Matter of Colley v Endicott Johnson Corp.
In the Matter of the Claim of Charles Colley, Appellant, v Endicott Johnson Corporation et al., Respondents. Workers' Compensation Board, Respondent. (Claim No. 1.) In the Matter of the Claim of Charles Colley, Appellant,
MCS Carriers et al., Respondents. Workers' Compensation Board, Respondent. (Claim No. 2.)
—[*1] Hinman, Howard & Kattell, L.L.P., Binghamton (Gary C. Tyler of counsel), for [*2]appellant.
Coughlin & Gerhart, L.L.P., Binghampton (Jeffrey A. Brown of counsel), for MCS Carriers, respondent.
Steven M. Licht, Special Funds Conservation Committee, Albany (Jill Waldman of counsel), for Special Funds Conservation Committee, respondent.
Rose, J. Appeal from a decision of the Workers' Compensation Board, filed November 8, 2006, which ruled that the claim was barred by Workers' Compensation Law § 123 in claim No. 1 and that New York does not have jurisdiction over the claim in claim No. 2.
Claimant suffered a work-related injury to his back in December 1985 and the claim was closed after the last payment of workers' compensation benefits was made on March 18, 1986. On November 17, 2004, claimant allegedly injured his back while working in Ohio as a truck driver for employer MCS Carriers. Based upon this incident, claimant filed a new claim for workers' compensation benefits and also applied to reopen the 1985 claim. A Workers' Compensation Law Judge ruled that Workers' Compensation Law § 123 precluded reopening the 1985 claim and that subject matter jurisdiction in New York was not established for the 2004 injury. On review, the Workers' Compensation Board affirmed, prompting this appeal.
We affirm. Workers' Compensation Law § 123 states, as relevant here, that no award of compensation will be made when the application to reopen a closed case "is made after a lapse of  years from the date of the injury or death and also a lapse of eight years from the date of the last payment of compensation." Here, claimant's application to reopen the claim was made in 2005, beyond the statutory limits of Workers' Compensation Law § 123. Claimant contends that issues raised in applications he filed to reopen the claim in 1999 and 2003, which were made within the statutory time limits, are unresolved by the Board and, therefore, Workers' Compensation Law § 123 does not apply. The record establishes, however, that the Board closed the case following both applications without awarding compensation. Insofar as claimant did not appeal those decisions and failed to submit a further application to reopen prior to the tolling of the time limits, we conclude that the Board properly determined that Workers' Compensation Law § 123 was applicable (see Matter of Bianca v Lawler Automatic Controls, 67 AD2d 1064, 1065 , lv denied 47 NY2d 709 ).

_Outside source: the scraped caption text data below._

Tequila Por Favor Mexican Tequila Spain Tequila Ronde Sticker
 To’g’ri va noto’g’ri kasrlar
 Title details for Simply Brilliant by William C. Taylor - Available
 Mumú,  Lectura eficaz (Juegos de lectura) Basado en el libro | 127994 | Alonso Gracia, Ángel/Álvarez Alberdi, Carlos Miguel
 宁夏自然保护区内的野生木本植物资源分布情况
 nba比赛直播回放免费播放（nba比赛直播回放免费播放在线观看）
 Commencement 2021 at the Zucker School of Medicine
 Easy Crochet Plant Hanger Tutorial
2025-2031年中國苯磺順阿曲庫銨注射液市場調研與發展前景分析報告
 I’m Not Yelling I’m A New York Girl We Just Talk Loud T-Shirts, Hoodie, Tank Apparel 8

Regarding the 2004 claim, "[w]hen a claimant seeks compensation for an injury sustained outside of New York, the Board possesses subject matter jurisdiction over that claim if sufficient significant contacts between the claimant's employment and the state are found to [*3]exist" (Matter of Sanchez v Clestra Cleanroom, Inc., 11 AD3d 781, 782 ; accord Matter of Bugaj v Great Am. Transp., Inc., 20 AD3d 612, 613 ). In this regard, various factors are to be considered, including where the employee resides, the location of his employment, the place of hiring, the location of the employer's offices and the extent to which the employer conducted business in New York (see Matter of Deraway v Bulk Stor., Inc., 51 AD3d 1313, 1314 ; Matter of Palagurchi v Mengs Serv., 302 AD2d 648, 649 ; Matter of Williams v Roadkill, Inc., 277 AD2d 764, 764-765 , lv dismissed 96 NY2d 824 ).
Here, claimant resides in New York, but the employer's terminals, where claimant was injured, are in Ohio and the employer does not have any terminals in New York. Although claimant's initial job interview was conducted by phone at his residence, the hiring process was completed in Ohio. All control over claimant's employment was exercised in Ohio and the employer presented evidence that it only conducts about 5% of its total business in New York. Under these circumstances, despite claimant's residency and the fact that he drove through New York to either complete part of his assignments or return home on days off, we conclude that the Board did not err in determining that there were not enough significant contacts to confer subject matter jurisdiction over this claim (see Matter of Palagurchi v Mengs Serv., 302 AD2d at 649).
Mercure, J.P., Lahtinen, Malone Jr. and Kavanagh, JJ., concur. Ordered that the decision is affirmed, without costs.